Integration of CT and pathology
Integration of CT and pathology

Tasks

Pathology is a diagnostic gold standard for PDAC. However, the information it provides is limited to definitive confirmation of the diagnostic entity and the size and locoregional extent of the tumour. The only tumour-intrinsic feature is the grade of differentiation, a historical concept that is of no relevance for the management of PDAC. The rich information contained in tumour morphology integrates results of interactions at all levels - genetic, epigenetic, microenvironmental -, but is left totally unexplored. It is only with the advent of AI that attempts at deciphering this rich information have been undertaken. Recent studies on a variety of other cancers show that AI can extract information from routine pathology tissue sections that relate to underlying genomic aberrations and allows prognostic discrimination between patients that are currently lumped within the same clinical stage. With the wealth of data accessible in its repository, PANCAIM is in a unique position to decipher and fully exploit the prognostic and predictive information that hitherto has remained unmined in surgical and biopsy specimens from PDAC patients.

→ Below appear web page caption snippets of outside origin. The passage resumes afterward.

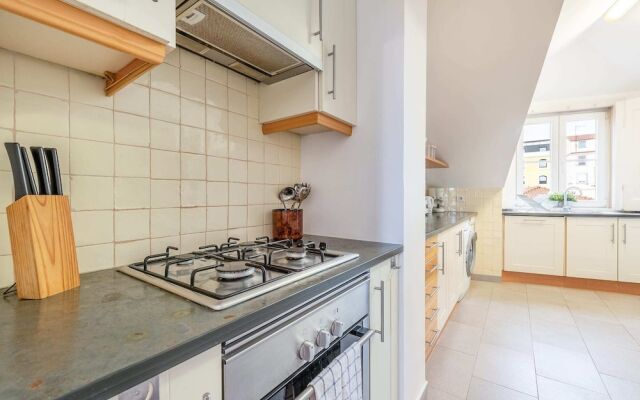 Rustic-style Apt Near Bairro Alto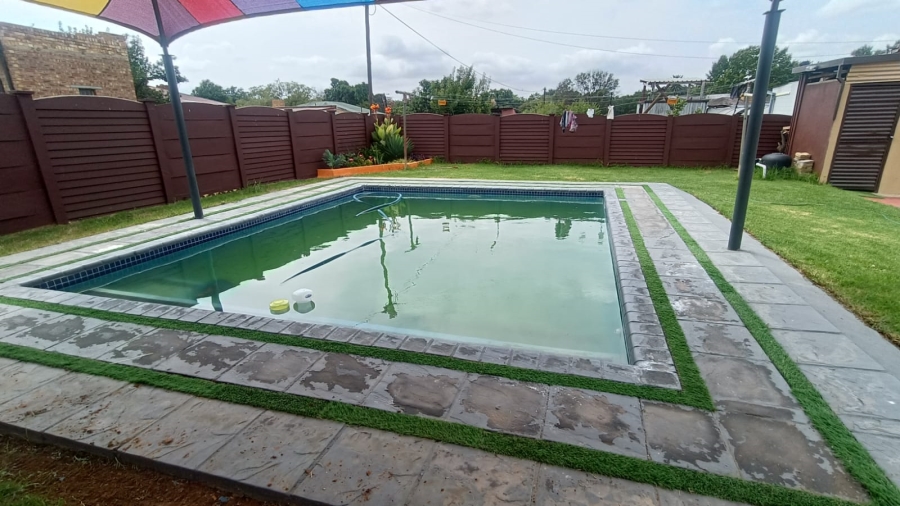 3 Bedroom Property for Sale in Vanderbijlpark Cw 6 Gauteng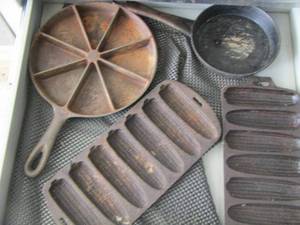 lot 215 image: Cast iron corn bread skillets qty 4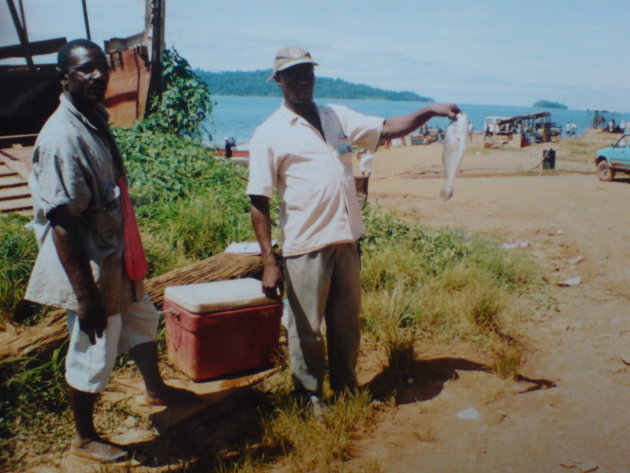 2001-2002 Vis kopen bij het Brokopondo-stuwmeer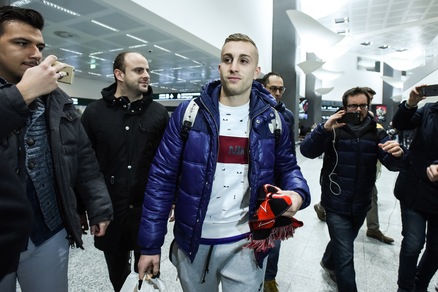Calciomercato, Deulofeu è sbarcato a Malpensa: «Felice, il Milan è un grande club»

Recent studies on a variety of other cancers show that AI can extract information from routine pathology tissue sections that relates to underlying genomic aberrations and allows prognostic discrimination between patients that are currently lumped within the same clinical stage. Although this has been shown and applied in for example, breast cancer [Jaber et al, Breast Cancer Research, 2020] and mesothelioma [Courtiol et al, Nature Medicine 2019], these insights have not yet been applied to PDAC. A key reason is the limited availability of large datasets that combine radiology, pathology, genetics, and clinical follow-up. With the wealth of data accessible in its repository, PANCAIM is in a unique position to decipher and fully exploit the prognostic and predictive information that hitherto has remained unmined in surgical and biopsy specimens from PDAC patients. Specifically, it is our ambition to use novel machine learning techniques such as neural image compression [Tellez et al, TPAMI 2019] to elucidate key pathomics features which can help predict prognosis, treatment response and genetic alterations in PDAC (Figure 9, Figure 8). By additionally applying for the latest advances in explainable artificial intelligence, such as attention-weighting and saliency mapping, PANCAIM furthers the acceptance and integration of these pathomic features in clinical practice.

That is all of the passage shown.